> Problem:
Among the entries below, only the lines from the one with "极速新品供2A17铝合金10" through the one with "画像1: GRIGRI Custom" are to be retyped, exactly and without pictures.

> Recorded data:
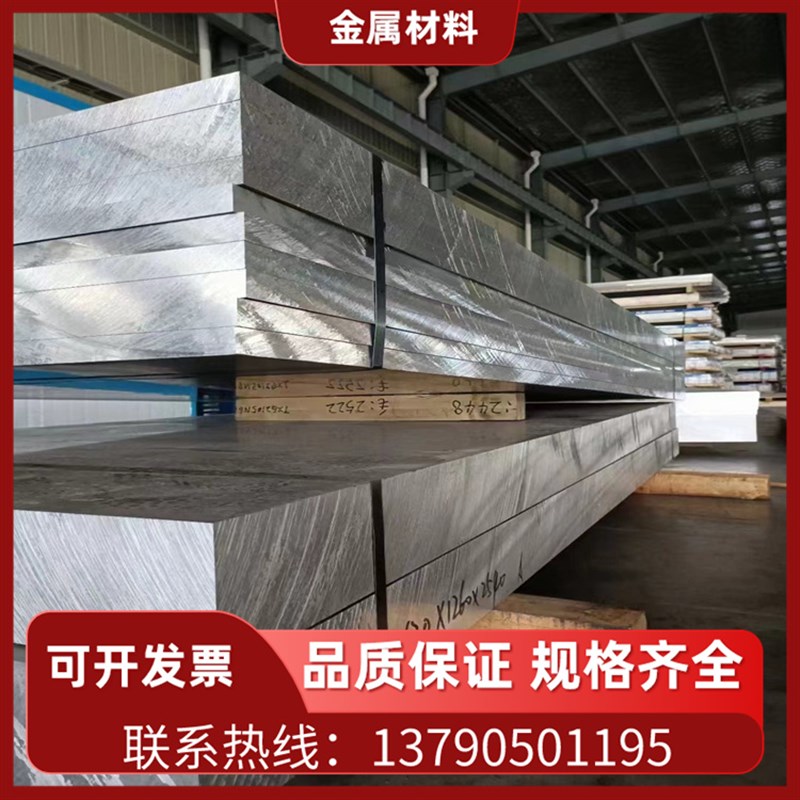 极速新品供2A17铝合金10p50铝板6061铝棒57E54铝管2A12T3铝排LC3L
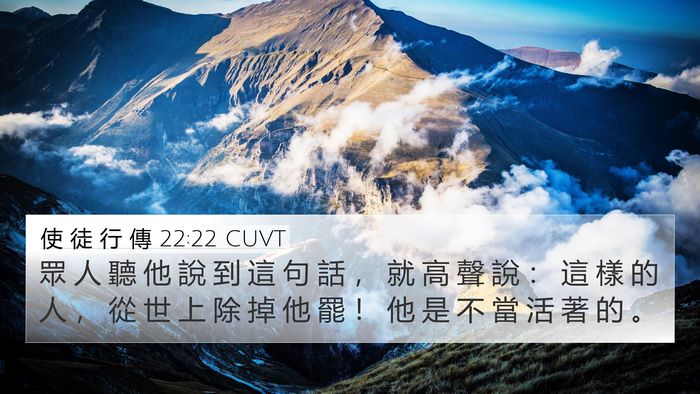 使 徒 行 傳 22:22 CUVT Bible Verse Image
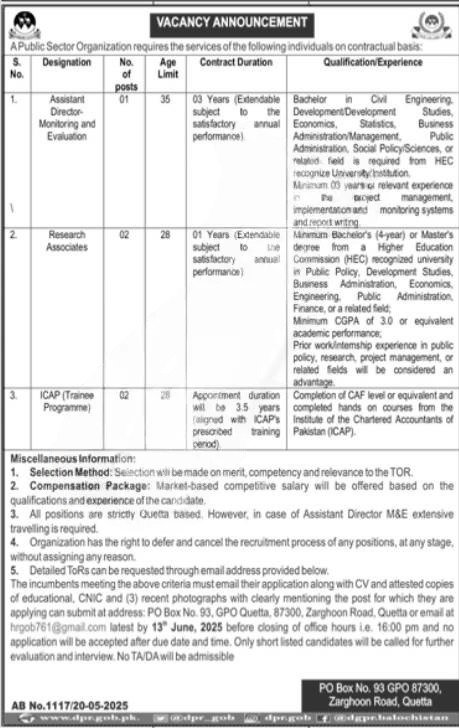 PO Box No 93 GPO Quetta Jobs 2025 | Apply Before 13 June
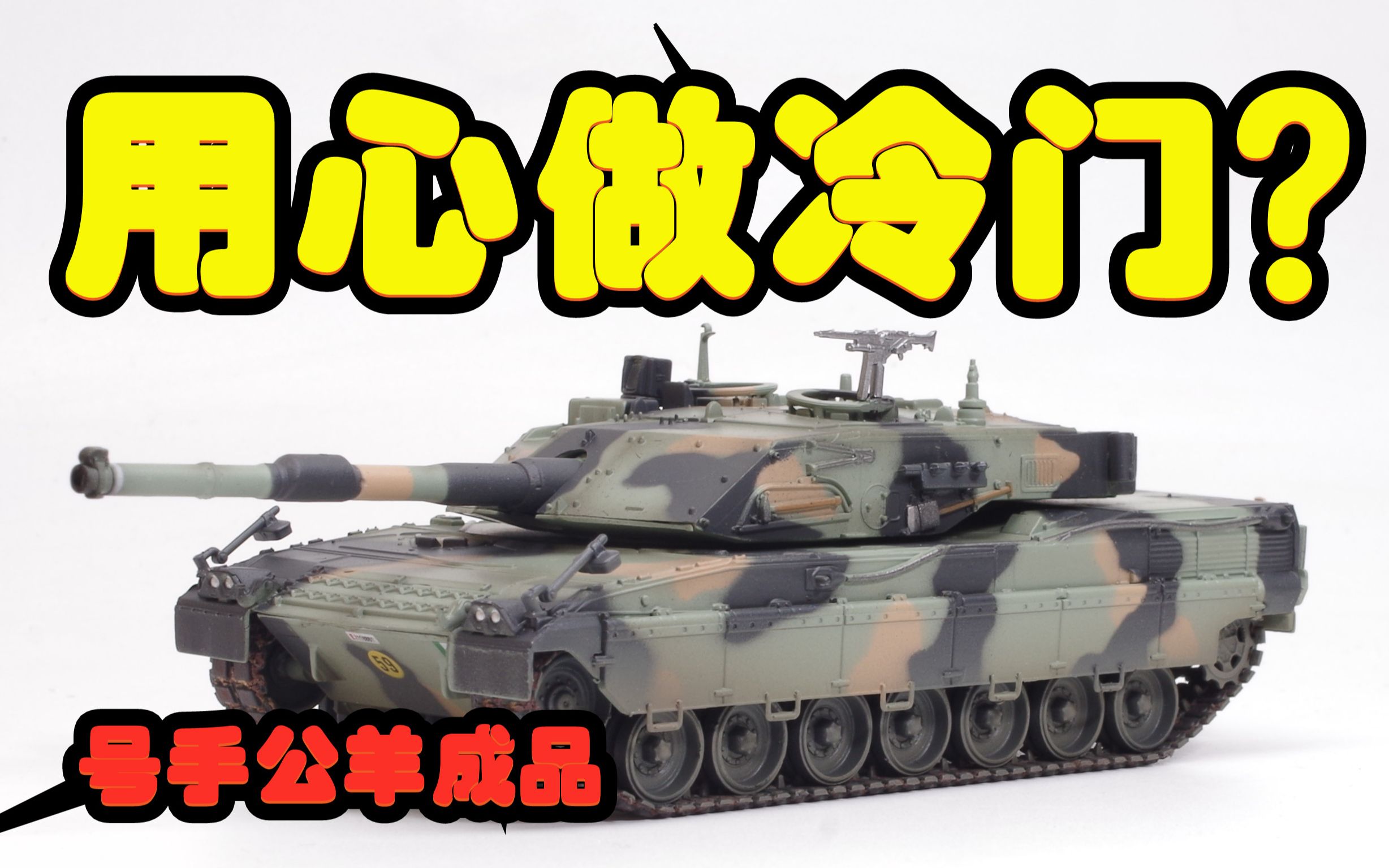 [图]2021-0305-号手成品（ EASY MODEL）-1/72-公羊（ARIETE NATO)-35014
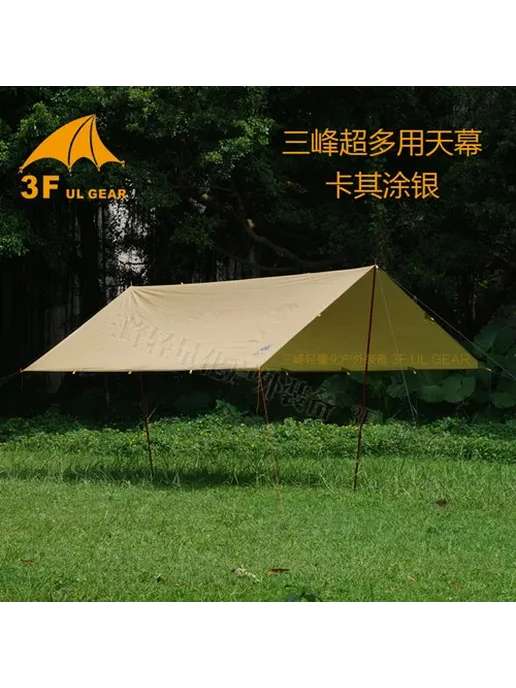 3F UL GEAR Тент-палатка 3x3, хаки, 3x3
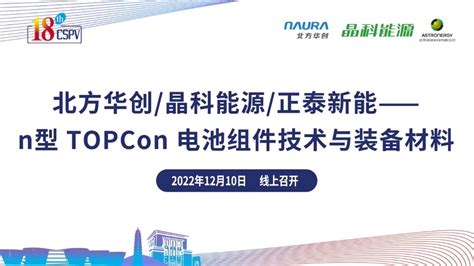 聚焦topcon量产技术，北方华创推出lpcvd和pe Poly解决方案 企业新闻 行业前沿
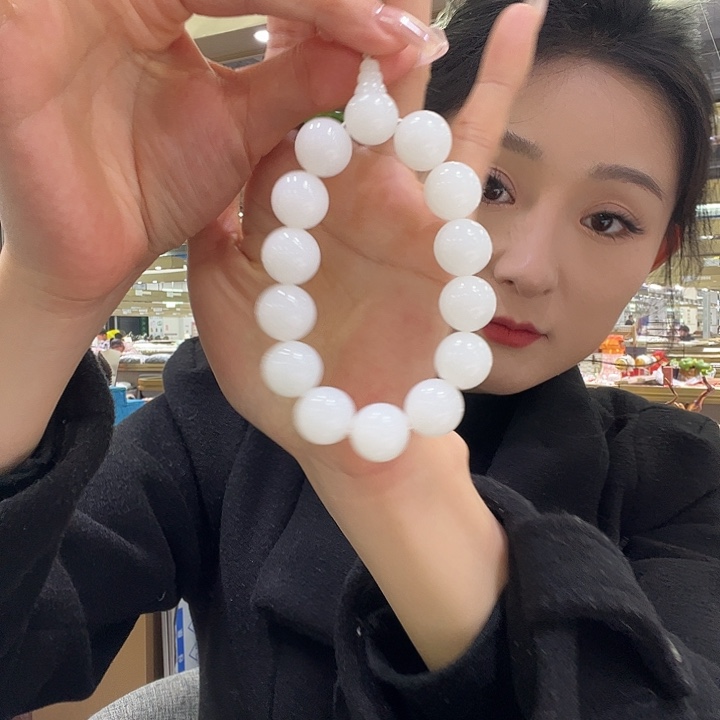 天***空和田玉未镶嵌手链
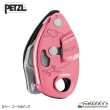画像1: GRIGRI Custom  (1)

---

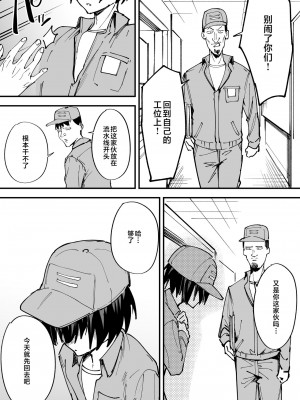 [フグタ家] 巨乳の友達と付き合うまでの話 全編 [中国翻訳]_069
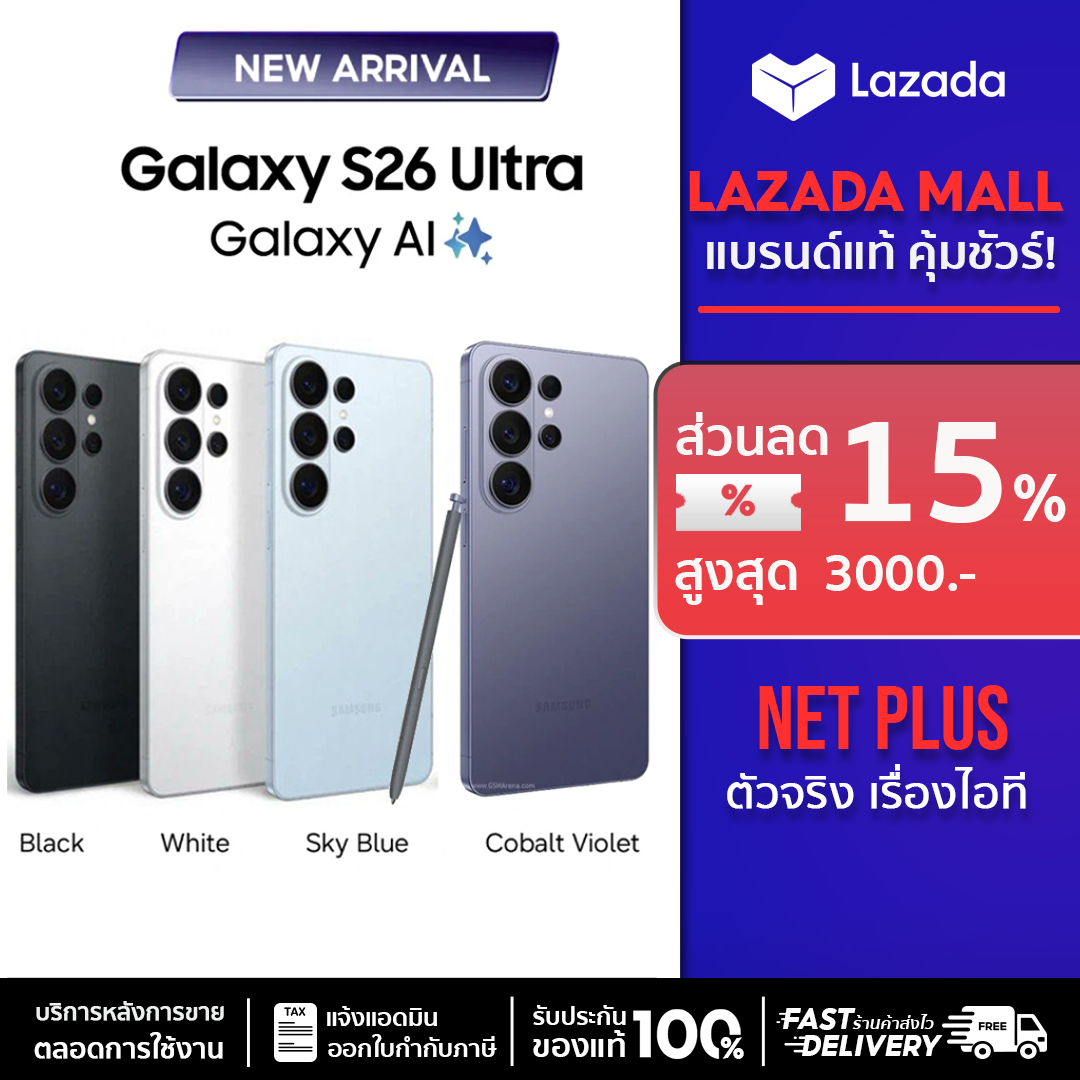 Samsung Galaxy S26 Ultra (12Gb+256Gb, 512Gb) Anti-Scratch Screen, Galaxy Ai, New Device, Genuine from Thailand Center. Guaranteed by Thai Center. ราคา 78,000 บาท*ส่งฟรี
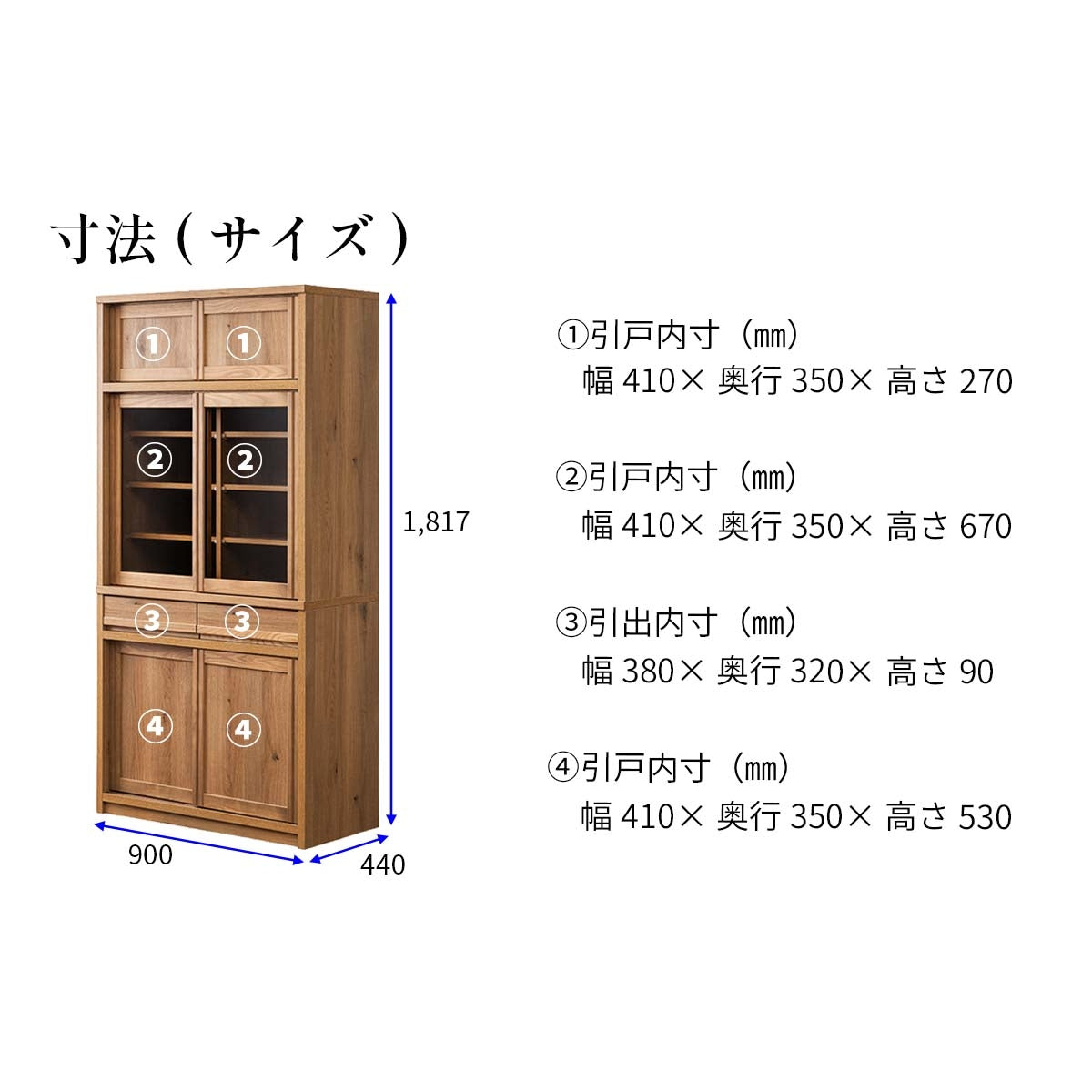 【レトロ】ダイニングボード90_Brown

> Output of the exercise:
 极速新品供2A17铝合金10p50铝板6061铝棒57E54铝管2A12T3铝排LC3L
 使 徒 行 傳 22:22 CUVT Bible Verse Image
 PO Box No 93 GPO Quetta Jobs 2025 | Apply Before 13 June
 [图]2021-0305-号手成品（ EASY MODEL）-1/72-公羊（ARIETE NATO)-35014
 3F UL GEAR Тент-палатка 3x3, хаки, 3x3
 聚焦topcon量产技术，北方华创推出lpcvd和pe Poly解决方案 企业新闻 行业前沿
 天***空和田玉未镶嵌手链
画像1: GRIGRI Custom  (1)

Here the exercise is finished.